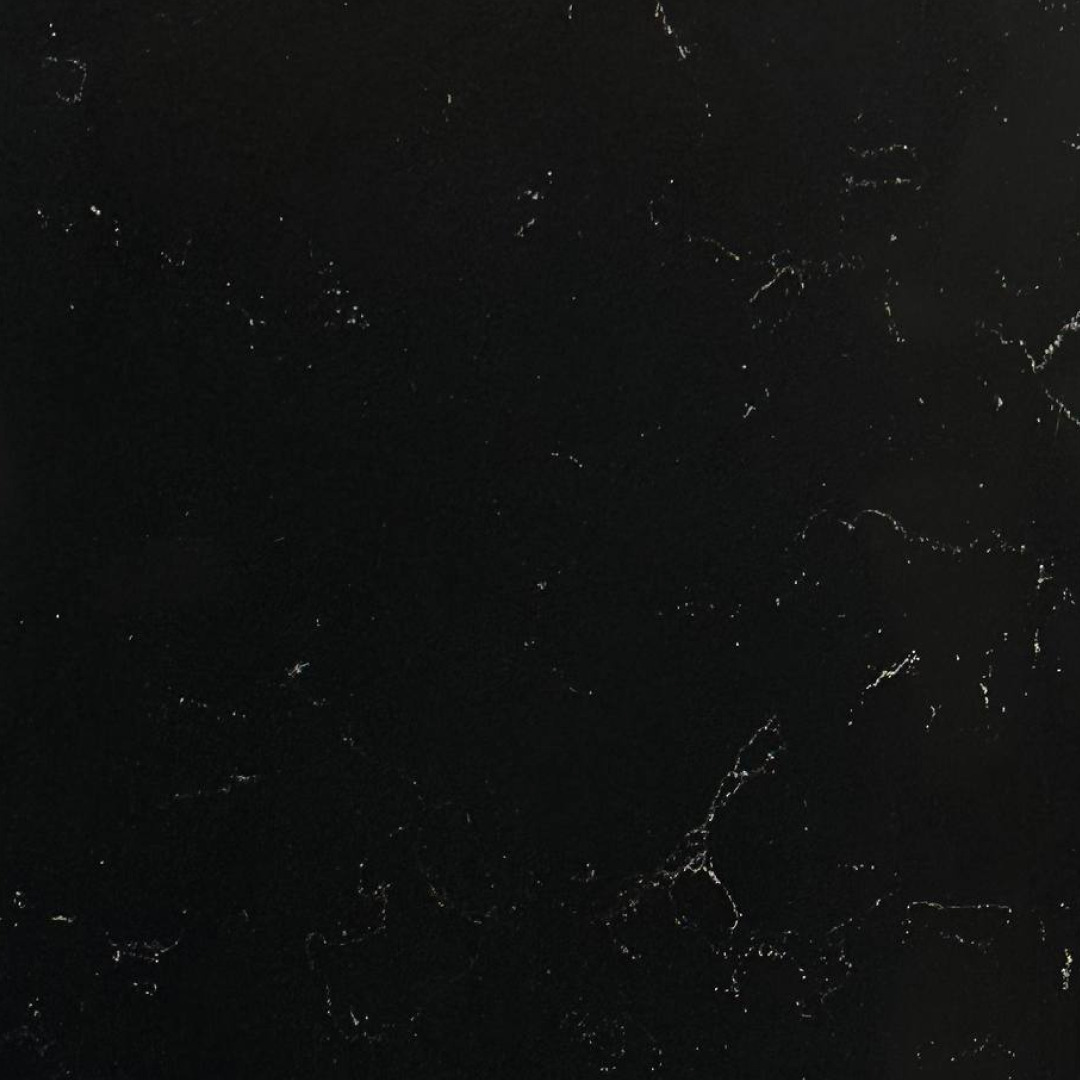Каррара Блэк (Carrara Black Quartz)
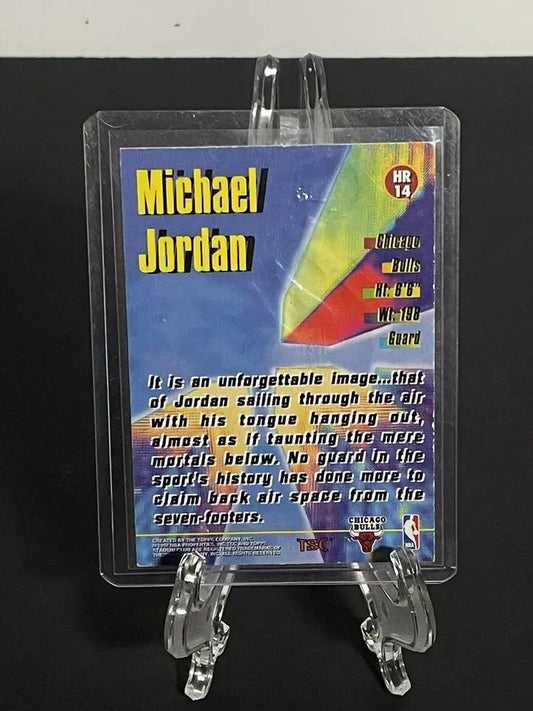Michael Jordan Tops Stadium Club Card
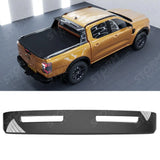 Wildtrak Cowling Add On Spoiler Colour Coded For Ford Ranger Next Gen 2023+ Wildtrak Grey
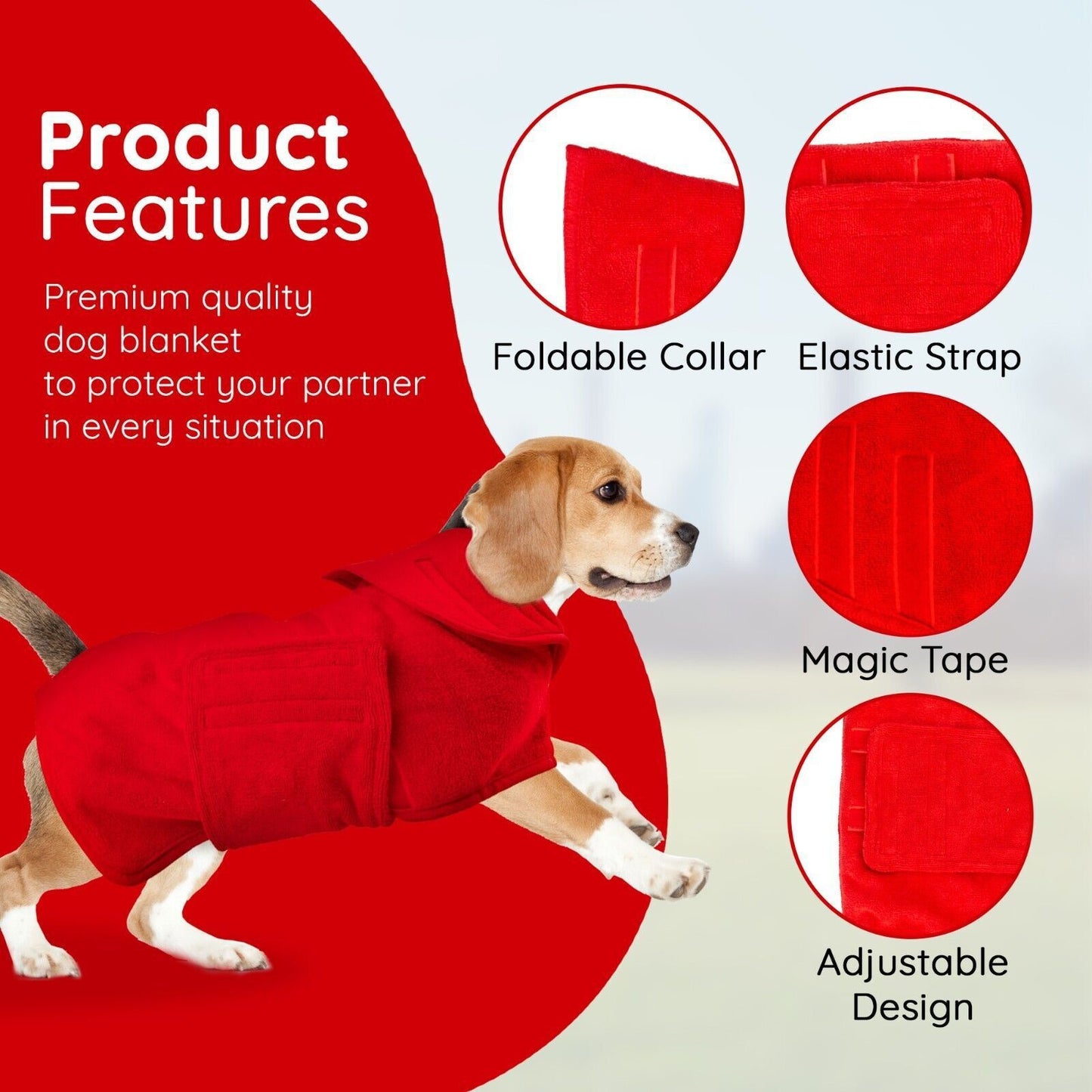 Pet Absorbent Quick Drying Fiber Bath Towel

What is being asked
Leaving all pictures aside, print exactly the lines from the one that contains "Wildtrak Cowling Add" through the last line of the data above, inclusive.

Expected answer
 Wildtrak Cowling Add On Spoiler Colour Coded For Ford Ranger Next Gen 2023+ Wildtrak Grey
 Pet Absorbent Quick Drying Fiber Bath Towel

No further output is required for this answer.